#### DATA EXTRACT

-*-*-

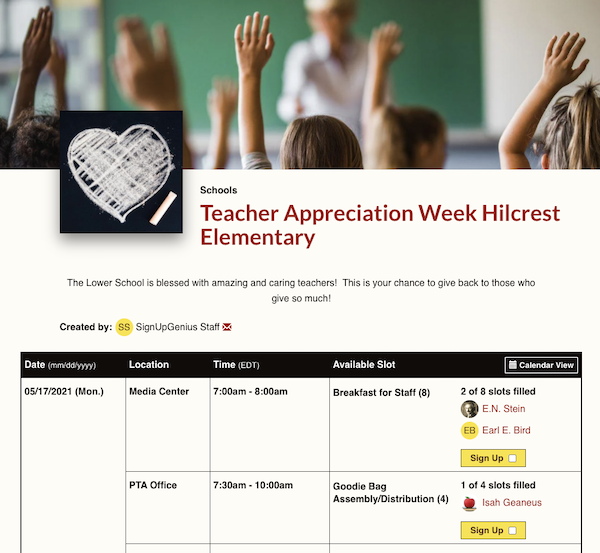 teacher appreciation week hilcrest elementary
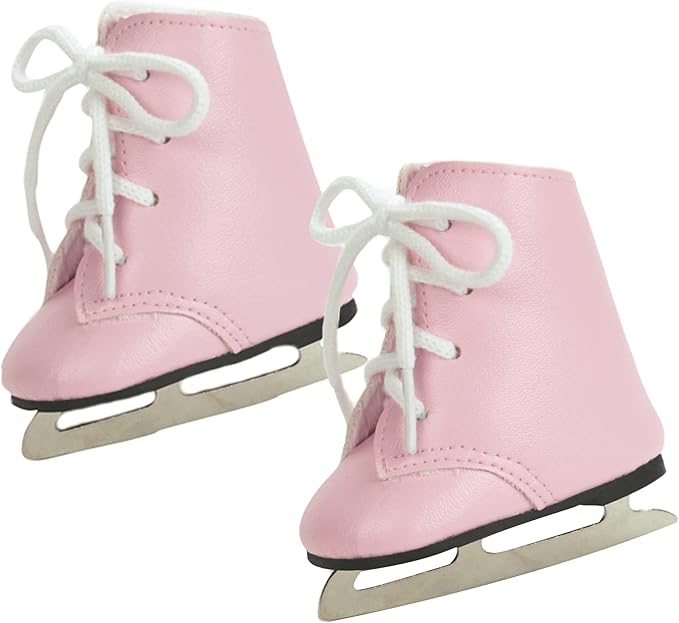 Sophia's 18" Doll Faux Pink Leather Ice Skates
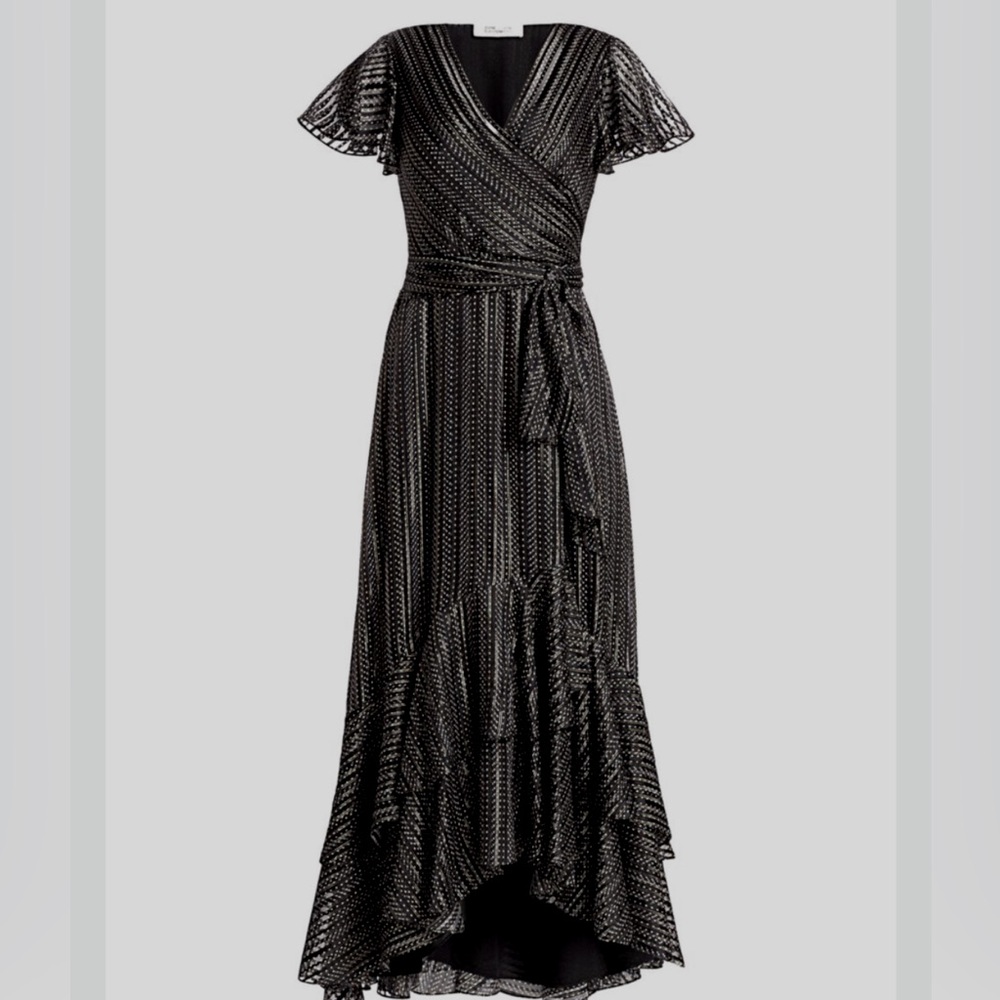 Diane Von Furstenburg Donnie Ruffled Silk Blend wrap Midi Dress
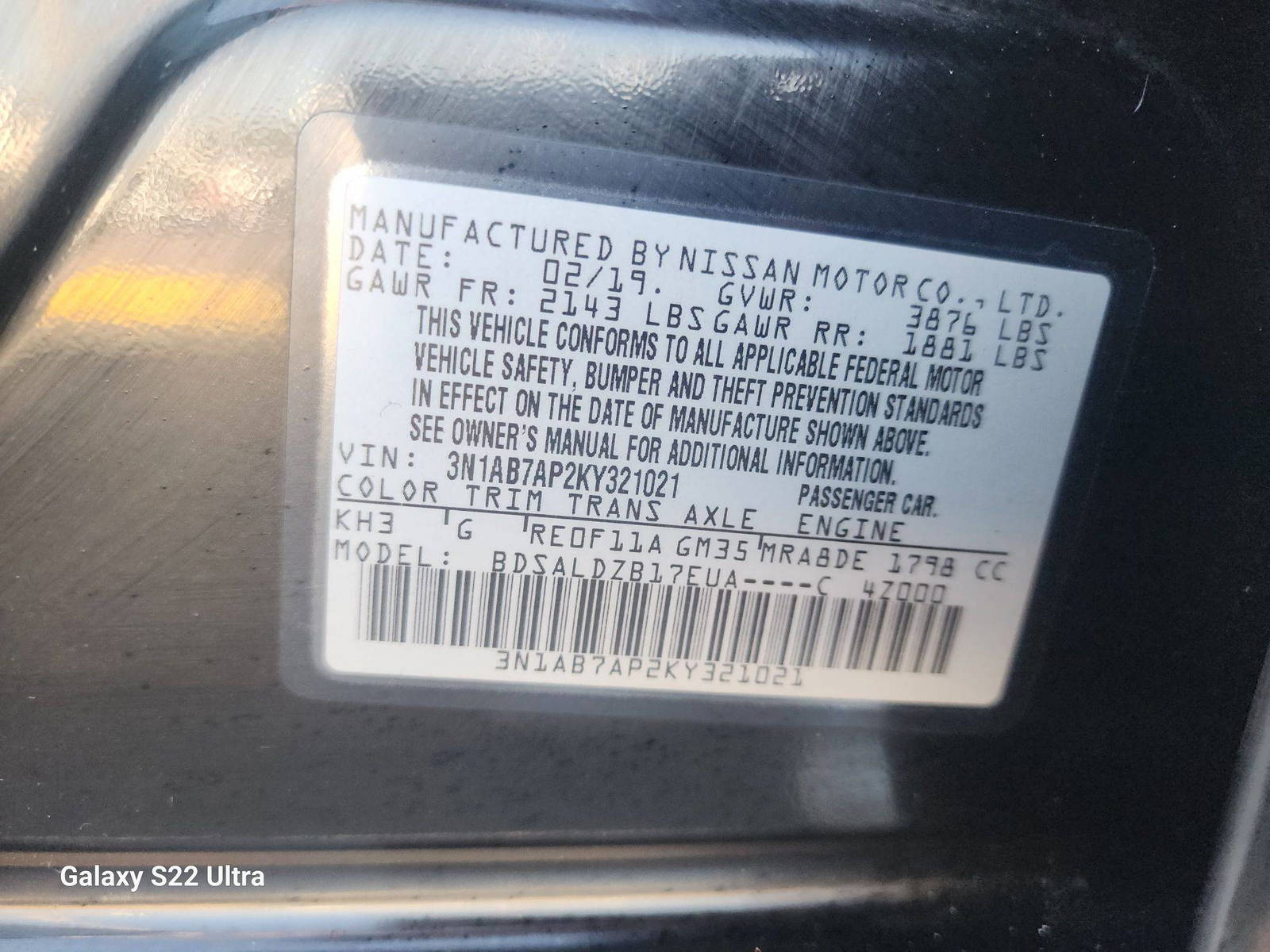 2019 NISSAN SENTRA — 131398 Miles — Lot 40525284 - Marhaba Auctions Used Cars - Image 10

-*-*-

#### THE TASK
Repeat the material exactly and drop each image.

#### OUTPUT BELOW
 teacher appreciation week hilcrest elementary
 Sophia's 18" Doll Faux Pink Leather Ice Skates
 Diane Von Furstenburg Donnie Ruffled Silk Blend wrap Midi Dress
 2019 NISSAN SENTRA — 131398 Miles — Lot 40525284 - Marhaba Auctions Used Cars - Image 10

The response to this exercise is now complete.